If this is the same case I’ve been following, I’m not sure why CLS is not naming the group— it’s already been publicly stated that it’s the local Intervarsity Christian Fellowship chapter. They’re an Evangelical Protestant parachurch group, and the officials at Vandy have been lying to them from day one.
Further info: https://www.facebook.com/VUReligiousFreedom
“This school is a state school and exists by statute, correct? “
The private university, located in Nashville, Tenn.
And has been rank liberal for many years. Too many kalifornians infested it.
The good news is this: Many Vanderbilt alumni (who are continually being dunned for more money) have made it clear that they will contribute nothing further, until and unless Vanderbilt rescinds this rancid, politically correct policy.
The admin is right, a “personal commitment to Jesus Christ” is a little weak. I suggest replacing the phrase with “a life lived for the glory of the triune God with an absolute love and devotion to Him including striving to love Him with all their heart, all their soul, all their mind and all their strength and an acknowledgement that all things exist by Christ, for Him and to Him, He has all power and authority and is their all in all”. -— Yes that is much better!
I would suggest that in order to be a member of the Christian Club, prospective members should only be required to sign a statement of agreement with the larger Westminster Confession. Chances are that none of the Liberal Professors and Administrators would ever be able to decipher the underlying theme that this would require a REAL personal commitment to Jesus Christ.
While I subscribe to the WCF and the catechisms, it would eliminate baptists, self-aware Lutherans and most Presbyterians.
This is what Vanderbilt wrote to the head of the Muslim Brotherhood Chapter:
“Your constitution says that a member must have a personal commitment to Mohammed and to jihad.
Initially, we asked that those words be removed.
Since you have threatened to cut off our heads and sell our children into slavery, we have decided that it is absolutely OK to keep that requirement in your student chapter constitution.
OK, then the Shorter Westminster Confession. :-). Something with some teeth. Something that will confound the "wise."
That would make sense if it were a "Calvinist" club.
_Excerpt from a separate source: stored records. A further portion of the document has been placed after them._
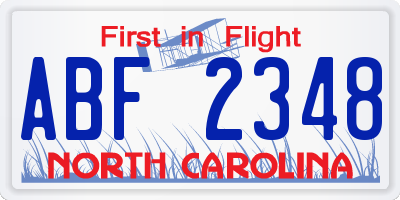 NC license plate ABF2348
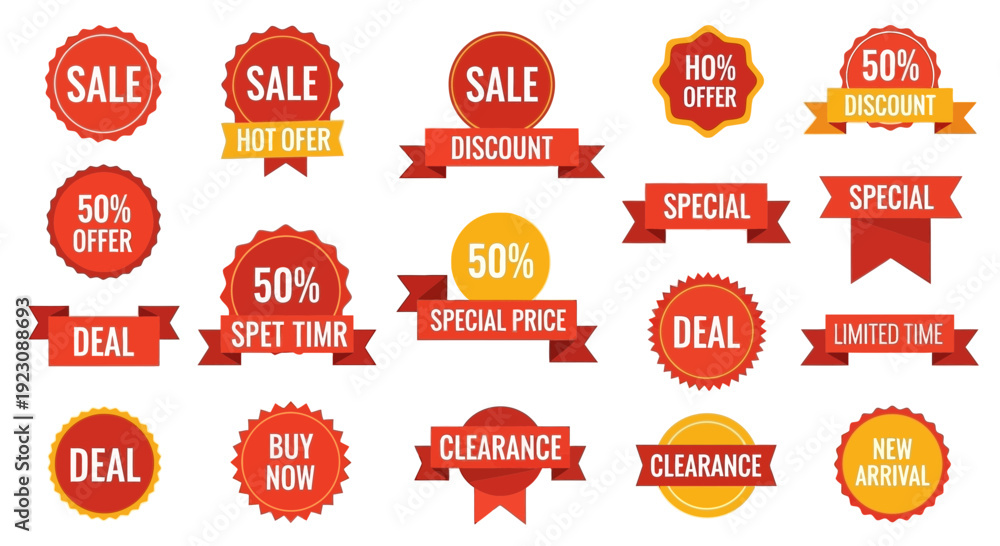 Obraz premium Collection of red and yellow sale badges for promotional advertising
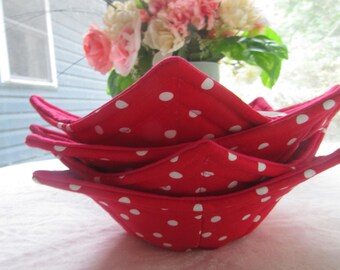 Microwaveable Handmade Soup Bowl Cozies, Set Of 4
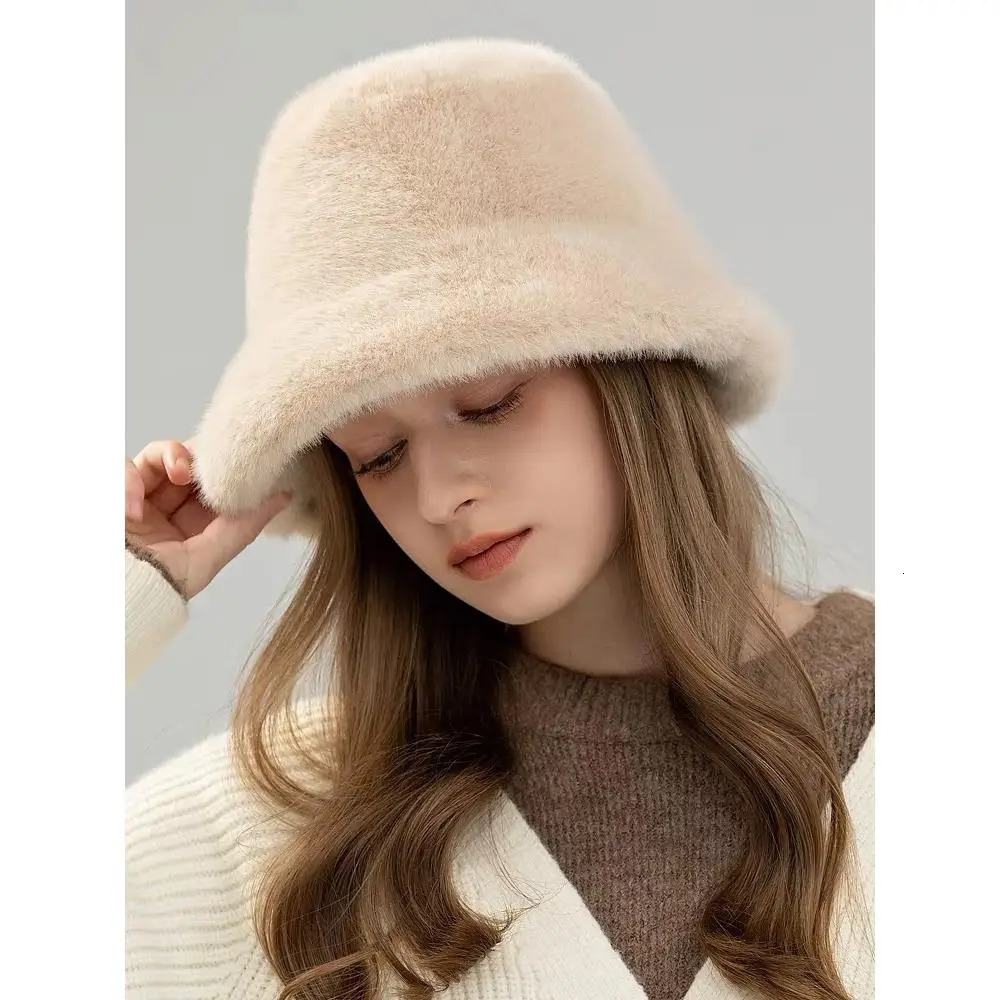 Female Faux Fox Fur Bomber Hat Windproof Keep Warmer Fisherman Hats Korean Style Bucket Hat Solid Beanie Winter Warm Hats 250724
But any "Christian" Club that would require members to sign the Westminster Confession would make about 80% of Christians ineligible for membership. Catholics wouldn't sign any document that declares the Pope is the Antichrist, and that the Roman Catholic mass is a form of idolatry. That makes as much sense as having an "Computer club" that forbids members to buy non-Apple products.
Which 1s more important, religious freedom or non-discrimination?
There will always be discrimination of some sort or another. Can I join the university woman’s softball team, since there is no men’s softball team. Can I join a sorority, if I am a guy? Can I use the men’s restroom if I am a woman? Can the Catholic group be forced to accept a Hindu as its president?
Not to mention Catholics, Orthodox, Assyrian Church of the East, and various other non-Calvinist protestants. In other words, the vast majority of practicing Christians would not be allowed to join such a "Christian" club.